Tablets or capsules in most cases don’t mold or start smelling bad. However, there are some exceptions. When aspirin is stored in the bathroom medicine cabinet, the prolonged exposure to moisture in the air makes the active ingredient in aspirin convert to acetic acid, which is why old aspirin smells like vinegar. 

As with food, the storage environment is the most critical issue in maintaining drug stability and longevity. Moisture is one of the damaging environmental agents to an expiration date.  Therefore, storing drugs in the humid environment of the bathroom is not the best place to extend expiration dates.

A much better place to consider storing medications is in the kitchen cabinet, as long as it’s not over the sink or in an extremely hot or moist environment. Of course, if you choose to store medications there, keep them out of the reach of children and pets.

The expiration date is really a marketing statement rather than a scientific statement. However, there are some exceptions: Drugs like nitroglycerin, used for chest pain; insulin, used in the treatment of diabetes; and some liquid antibiotics are sensitive to the expiration dates. 

These medications, while they might not hurt you, might not be as effective in treatment and should be discarded.

Many drugs lose their potency with age. This becomes a major issue when the patient is using a maintenance drug such as an inhaler or a cholesterol-lowing prescription. The medication loses its effectiveness and can place the user in an unhealthy situation. Would you want to take expired medication for severe cardiac arrhythmia?

Furthermore, medications in the liquid dosage form can actually increase in strength past the printed expiration date because some components of the liquid can evaporate, leaving more of the active ingredient. Outdated eye and ear drops may no longer be sterile and could possibly lead to an infection or irritation.

Some expired medications can become downright dangerous. Tetracyclines, which are “broad-spectrum” antibiotics, are used to treat a wide variety of infections. Doctors may prescribe these drugs to treat eye infections, pneumonia, gonorrhea and other bacterial infections.

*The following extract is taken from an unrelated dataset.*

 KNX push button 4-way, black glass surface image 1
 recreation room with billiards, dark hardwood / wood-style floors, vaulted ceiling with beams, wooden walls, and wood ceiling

The medicine is also used to treat acne, and may be in your medicine cabinet. Tetracyclines become dangerous past their expiration dates and can cause serious damage to the kidneys.

Another issue to be considered when taking old medications is that if your physician gave you something two years ago, he or she based that drug selection on the current medications you were taking at that time. Over time, your drugs may have changed and you could be on something now that interacts with that previous medication. The expiration date is not your only concern in taking old medications.

The next time you face the drug expiration date dilemma, consider what you have read. If the expiration date was a few years ago, and it’s important that the medication be 100 percent effective, then you might want to consider getting a new bottle.

If you have any questions about whether to take it or not, remember your physician and pharmacist are only a phone call away. They can be an excellent resource then it comes to information about your drugs.